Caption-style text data
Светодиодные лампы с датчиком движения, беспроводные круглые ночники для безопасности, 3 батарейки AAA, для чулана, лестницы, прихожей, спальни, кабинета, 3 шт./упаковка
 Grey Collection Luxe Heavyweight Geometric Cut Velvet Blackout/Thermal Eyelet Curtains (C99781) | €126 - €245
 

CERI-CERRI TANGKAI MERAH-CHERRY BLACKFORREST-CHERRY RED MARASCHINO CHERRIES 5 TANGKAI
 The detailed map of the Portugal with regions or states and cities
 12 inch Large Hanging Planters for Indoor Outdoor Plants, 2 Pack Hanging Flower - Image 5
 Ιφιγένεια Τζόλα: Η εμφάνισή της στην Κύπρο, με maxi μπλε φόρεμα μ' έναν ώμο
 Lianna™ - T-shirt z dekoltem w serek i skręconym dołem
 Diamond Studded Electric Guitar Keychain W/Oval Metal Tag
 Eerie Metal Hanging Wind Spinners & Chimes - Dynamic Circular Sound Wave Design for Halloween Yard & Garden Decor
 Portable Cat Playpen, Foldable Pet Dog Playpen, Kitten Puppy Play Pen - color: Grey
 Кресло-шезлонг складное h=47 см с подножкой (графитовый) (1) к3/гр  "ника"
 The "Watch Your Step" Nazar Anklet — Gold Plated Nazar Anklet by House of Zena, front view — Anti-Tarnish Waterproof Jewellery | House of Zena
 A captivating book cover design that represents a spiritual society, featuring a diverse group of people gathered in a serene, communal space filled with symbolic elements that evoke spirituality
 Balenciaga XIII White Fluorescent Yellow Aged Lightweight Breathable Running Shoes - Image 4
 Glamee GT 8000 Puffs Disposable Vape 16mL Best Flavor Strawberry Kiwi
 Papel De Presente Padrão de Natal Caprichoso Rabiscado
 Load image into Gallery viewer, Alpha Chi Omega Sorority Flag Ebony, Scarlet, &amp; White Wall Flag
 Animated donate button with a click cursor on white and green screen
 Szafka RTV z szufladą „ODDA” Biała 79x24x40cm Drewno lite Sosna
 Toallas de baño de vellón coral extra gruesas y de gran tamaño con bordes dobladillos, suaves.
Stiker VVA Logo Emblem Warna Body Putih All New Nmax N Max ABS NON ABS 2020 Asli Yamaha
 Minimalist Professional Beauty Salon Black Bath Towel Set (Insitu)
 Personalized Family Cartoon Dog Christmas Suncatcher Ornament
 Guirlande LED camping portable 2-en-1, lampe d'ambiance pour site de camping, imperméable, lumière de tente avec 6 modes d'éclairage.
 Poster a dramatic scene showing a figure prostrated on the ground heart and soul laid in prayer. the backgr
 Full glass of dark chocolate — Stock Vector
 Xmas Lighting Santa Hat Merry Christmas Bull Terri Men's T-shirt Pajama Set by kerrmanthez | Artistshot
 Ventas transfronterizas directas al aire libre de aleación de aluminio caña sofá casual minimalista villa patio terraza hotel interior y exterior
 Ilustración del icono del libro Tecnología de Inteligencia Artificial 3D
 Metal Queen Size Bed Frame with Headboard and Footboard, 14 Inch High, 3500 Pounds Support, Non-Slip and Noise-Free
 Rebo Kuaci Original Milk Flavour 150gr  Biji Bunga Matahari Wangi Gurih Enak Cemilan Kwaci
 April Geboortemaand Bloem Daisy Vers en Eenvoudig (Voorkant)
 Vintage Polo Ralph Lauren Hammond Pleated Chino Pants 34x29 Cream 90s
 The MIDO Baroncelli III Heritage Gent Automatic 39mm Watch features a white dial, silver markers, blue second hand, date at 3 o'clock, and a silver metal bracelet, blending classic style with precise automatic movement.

▸ **Work to complete**
Repeat word for word the lines above that run from the line containing "Minimalist Professional Beauty" through the line containing "Ilustración del icono", both ends included, and nothing else.

▸ **Solution below**
 Minimalist Professional Beauty Salon Black Bath Towel Set (Insitu)
 Personalized Family Cartoon Dog Christmas Suncatcher Ornament
 Guirlande LED camping portable 2-en-1, lampe d'ambiance pour site de camping, imperméable, lumière de tente avec 6 modes d'éclairage.
 Poster a dramatic scene showing a figure prostrated on the ground heart and soul laid in prayer. the backgr
 Full glass of dark chocolate — Stock Vector
 Xmas Lighting Santa Hat Merry Christmas Bull Terri Men's T-shirt Pajama Set by kerrmanthez | Artistshot
 Ventas transfronterizas directas al aire libre de aleación de aluminio caña sofá casual minimalista villa patio terraza hotel interior y exterior
 Ilustración del icono del libro Tecnología de Inteligencia Artificial 3D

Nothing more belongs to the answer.